MONDAY MOURNING
Another Monday. Yep. Here’s a Monday Mourning story to ease the introduction of another week:
Welp, It’s been a doozy of a week. I concur with your statement about how long this week feels. Here is why:
1) An incoming student had to cancel his initial visit after being SHOT IN THE FOOT.
2) I received an essay that said the following “My mother never really understood me. She only saw the black and white and never saw the FIFTY SHADES OF GRAY IN BETWEEN”.
3) Boss decided to redistribute some of my students to the newbie. This isn’t Bain Capital, I BUILT THIS!
4) Oh yeah, I have to work next Sunday, thanks for telling us the week of. It’s not like Admission counselors have lives or anything.

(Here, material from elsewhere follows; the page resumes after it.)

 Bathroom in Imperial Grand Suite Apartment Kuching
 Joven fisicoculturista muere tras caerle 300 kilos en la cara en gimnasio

This list of misfortunes has all the warning signs of worst. Monday. EVER. Let’s address each of these individually:
1) Is your incoming student Cheddar Bob? That’s the only person we’ve ever known who shoots himself in the foot. So, if your student is Cheddar Bob, you already have your hands full, let alone dealing with the fact that he has a busted foot.
If you don’t know who Cheddar Bob is, shame on you. But here’s a reminder:

2) An essay that references Fifty Shades of Gray. That’s original this year. We guess as long as they don’t take it one step further…
My mother, in her misunderstanding of who I was, had been feeling bound, gagged and chained in my life. I was left feeling whipped by her unloving attitude. Oh, and she never respected my “sex”.
3) SERIOUSLY. WE FEEL YOU ON THIS ONE. The best thing to do is be as passive-aggressive as possible with the newbie that took your territory (even though it’s not really their fault). Here are things to do to make your point:
* Remind the new rep about how much all the guidance counselors in your territory adore you. Ask the the new rep to hand deliver hello notes to guidance counselors for you. Ask then new rep to remind counselors how much you miss them.
* Constantly ask for updates on prospective students in the territory. Act as if you have a personal relationship with each and every student. Make up facts if you need to.
* In the spring, when students choose other colleges, say “Well, that one was a done deal last year… I wonder what happened….”. Shrug shoulders and walk away.
That’ll at least get you started.
4) Other duties as assigned, bro. This is also why we’re all salaried. THEY OWN US. No joke. Still sucks though. Hang in there.